Custom text recoding using regular expressions.
Inputs:
Segmentation covering the text that should be recoded
JSON Message controlling the list of substitutions
Outputs:
Segmentation covering the recoded text
The Recode widget creates a modified copy of the input segmentation. The modifications applied are defined by substitutions, namely pairs composed of a regular expression and a replacement string. The interface of the Recode widget is available in two versions, according to whether or not the Advanced Settings checkbox is selected.
The basic version if the widget is limited to the application of a single substitution.
The advanced interface allows the user to define several substitutions and to determine the order in which they should be applied.
The Substitutions section allows the user to select the substitutions applied to each successive input segment and to determine their application order. The list of substitutions with corresponding regular expressions, replacement strings and additional options associated with the regular expression used appears at the top of the window.
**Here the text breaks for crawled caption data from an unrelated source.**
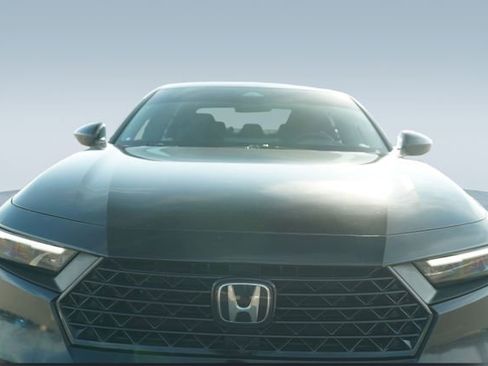 Used 2023 Honda Accord Sport image 36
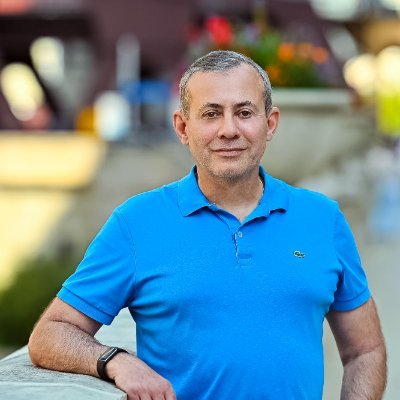 Global IT Exec, Angel Investor, Advisor, Speaker, World Traveler, avid reader, Facebook Free, Bulls& soccer fan, Wine, cognac&coffee lover. Proud Non-Voter.
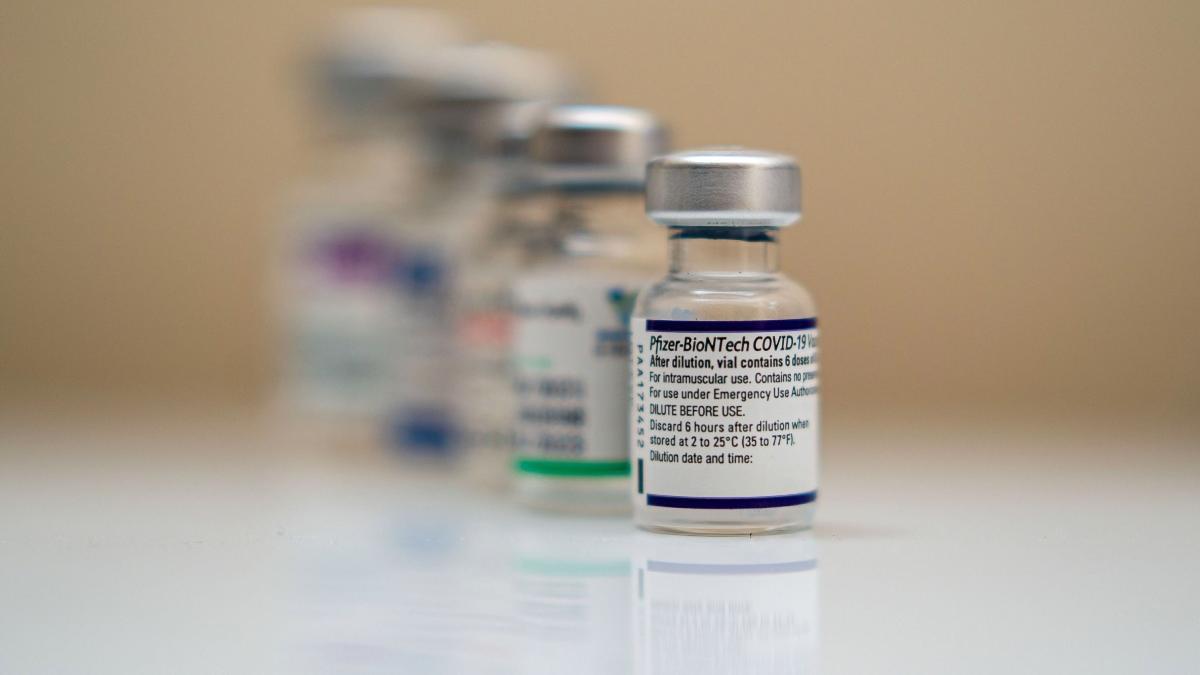 fda autorizare doza a patra vaccin pfizer biontech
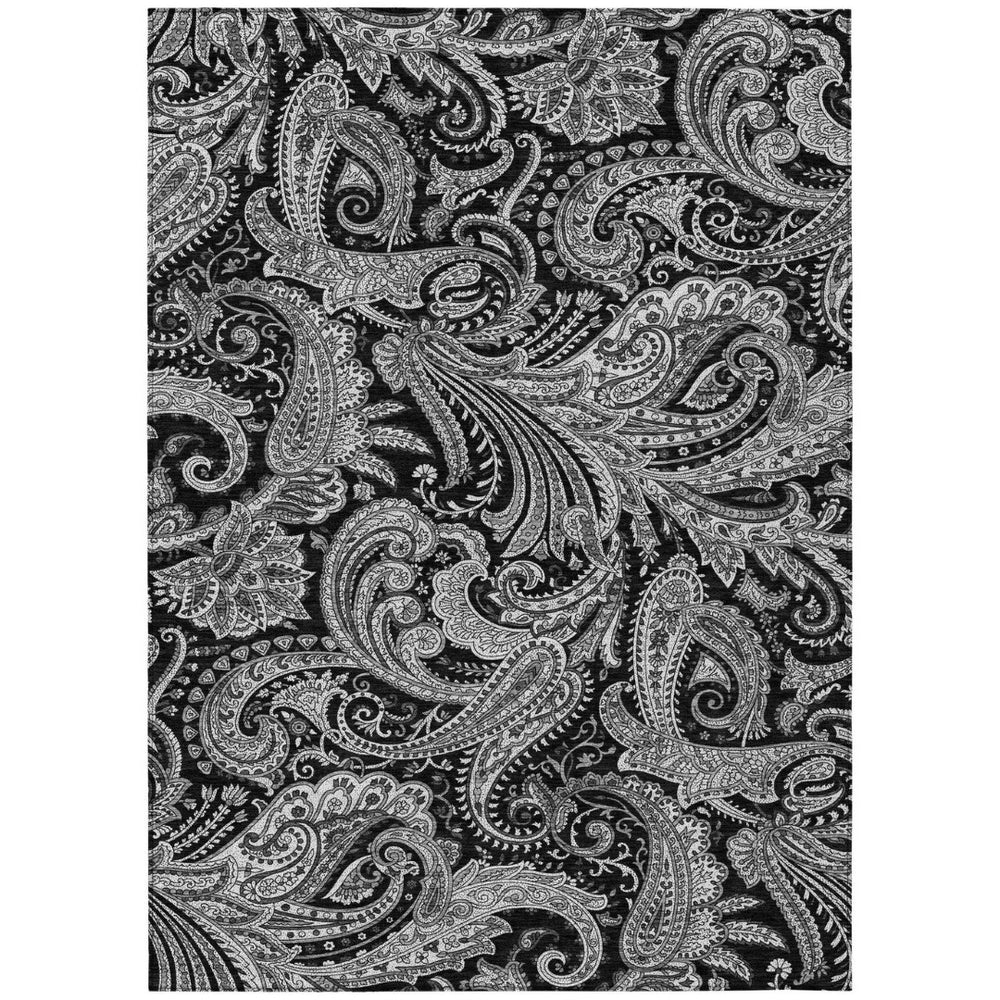 HomeRoots 5' Timeless Black Gray White Paisley Washable Area Rug for Indoor and Outdoor High-Traffic Spaces 5' X 8' 580149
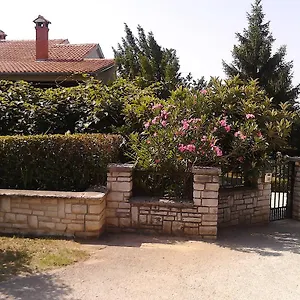 apartment-slavica-vrvari.in-istria.net/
The buttons on the left side of the Sources section allow the user to modify his selection by:
- changing the order in which the substitutions are applied: Move Up, Move Down
- deleting individual substitutions from the list: Remove
- clearing the list of all substitutions: Clear All
- import a list of substitutions in JSON format and add it to the previously selected sources: Import List
- export the list of substitutions in a JSON file: Export List
Define a new subsitution by using RegEx.
Define the replacement string.
Control the application of the corresponding options to the regular expression: Ignore case, Unicode dependent, Multiline, Dot matches.
Add a new substitution to the list.
Copy every annotation of the input segmentation to the output segmentation.
By clicking Send, changes are communicated to the output of the widget. Alternatively, tick Send automatically and changes will be communicated to the output at every modification.
Information about the number of segments in the output segmentation or the reasons why no segmentation is emitted
For the purpose of this example, we have decided to adapt our American spelling for our readers that prefer British English. We mostly focused on the difference in spelling the affix -ize (or -ise that is preferred in British English). We used the Text Field widget to input several words that use the American way of spelling and then segmented the input segmentation into words. Lastly, we used the advanced interface of the Recode widget and replaced all occurences of the affix -ize with the affix -ise.